* THE RECORDS *
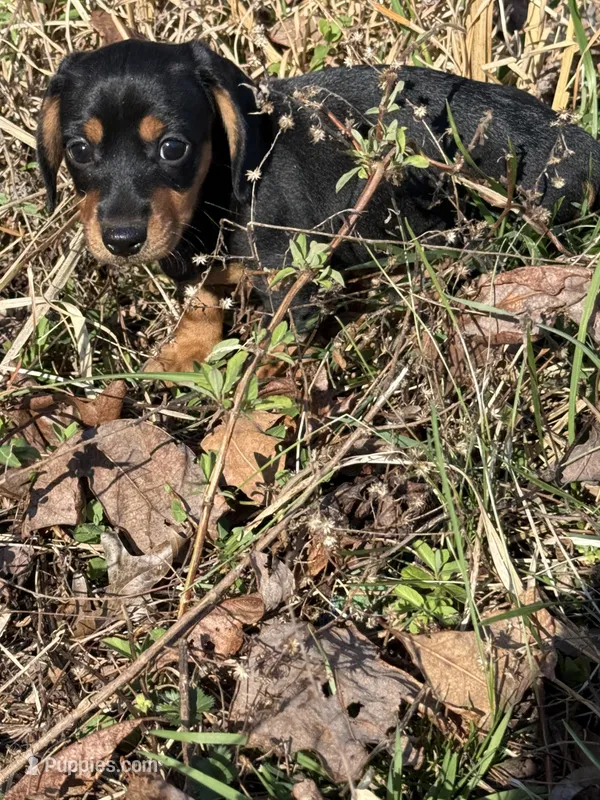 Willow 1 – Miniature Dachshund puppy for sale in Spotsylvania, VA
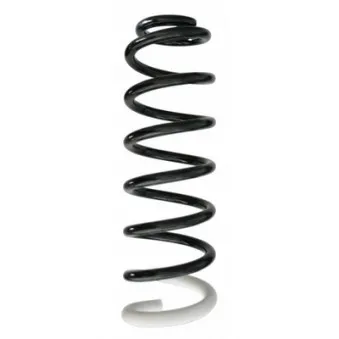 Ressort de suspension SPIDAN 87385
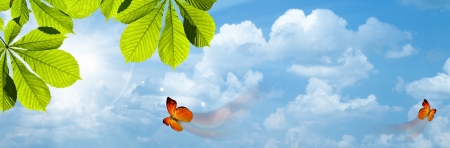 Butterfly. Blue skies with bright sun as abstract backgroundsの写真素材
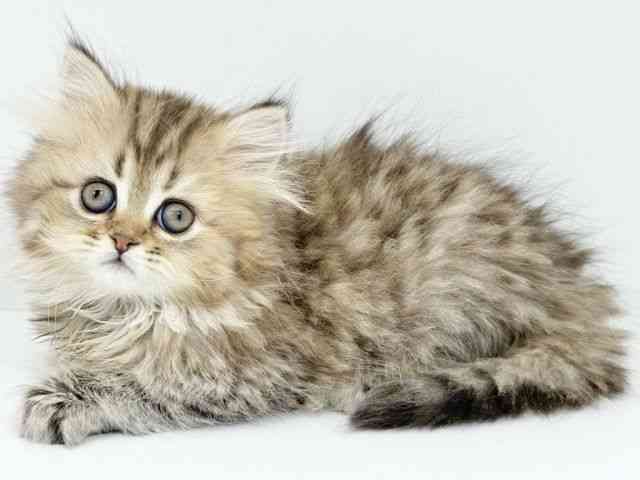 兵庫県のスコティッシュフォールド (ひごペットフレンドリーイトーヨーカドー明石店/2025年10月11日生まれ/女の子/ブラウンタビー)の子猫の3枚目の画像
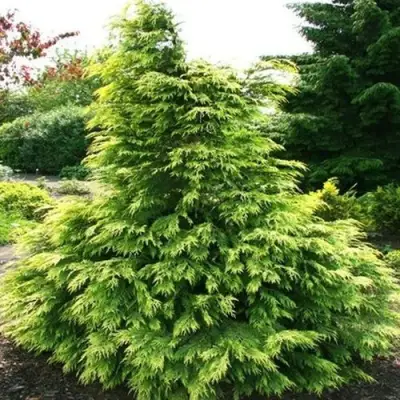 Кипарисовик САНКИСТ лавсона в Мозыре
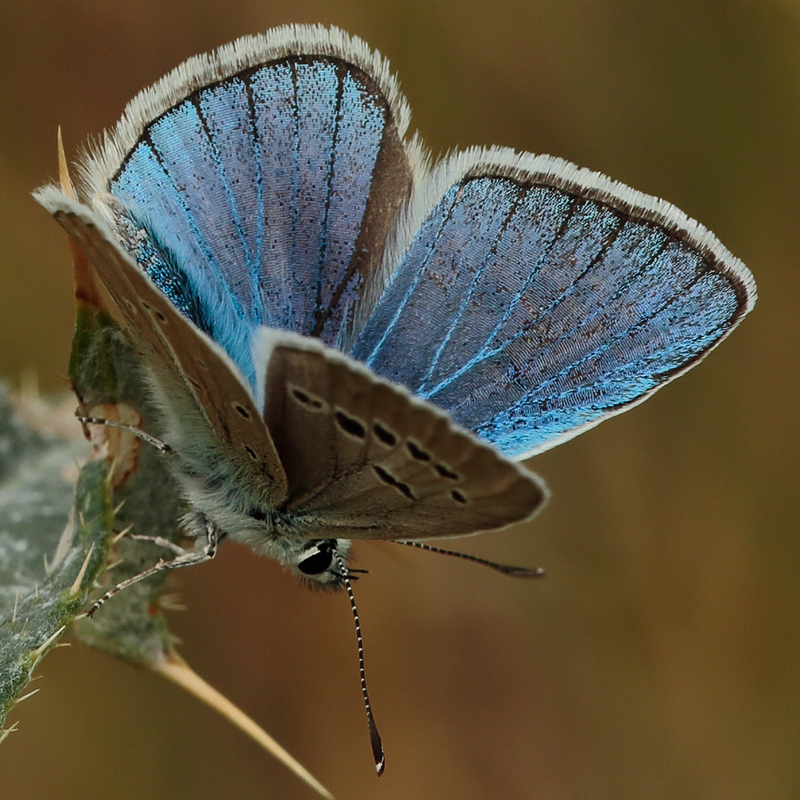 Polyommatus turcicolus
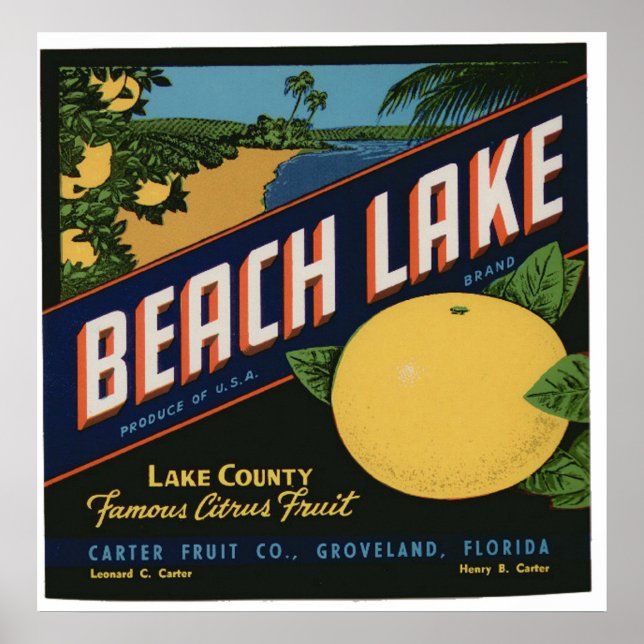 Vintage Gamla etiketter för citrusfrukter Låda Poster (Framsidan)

...

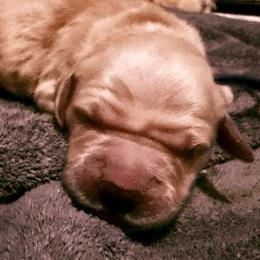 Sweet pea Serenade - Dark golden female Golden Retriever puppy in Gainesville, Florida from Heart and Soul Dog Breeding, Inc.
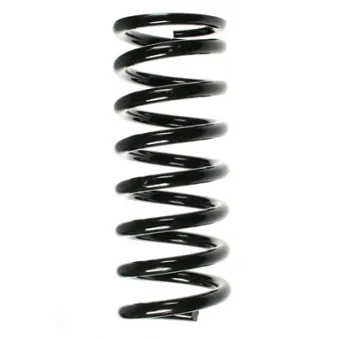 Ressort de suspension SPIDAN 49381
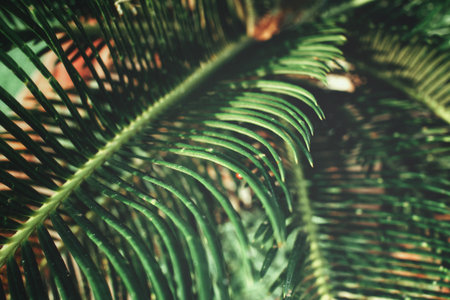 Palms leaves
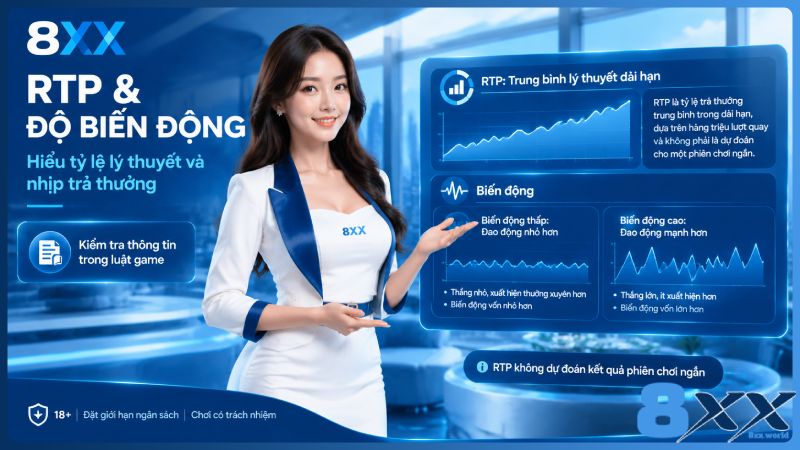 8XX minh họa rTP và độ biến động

* REQUIREMENT *
Starting at the line above that holds "Willow 1 – Miniature", repeat every line exactly down to and including the line that holds "Vintage Gamla etiketter", then stop. Do not carry over any pictures.

* RESULT OF THIS EXERCISE *
 Willow 1 – Miniature Dachshund puppy for sale in Spotsylvania, VA
 Ressort de suspension SPIDAN 87385
 Butterfly. Blue skies with bright sun as abstract backgroundsの写真素材
 兵庫県のスコティッシュフォールド (ひごペットフレンドリーイトーヨーカドー明石店/2025年10月11日生まれ/女の子/ブラウンタビー)の子猫の3枚目の画像
 Кипарисовик САНКИСТ лавсона в Мозыре
 Polyommatus turcicolus
 Vintage Gamla etiketter för citrusfrukter Låda Poster (Framsidan)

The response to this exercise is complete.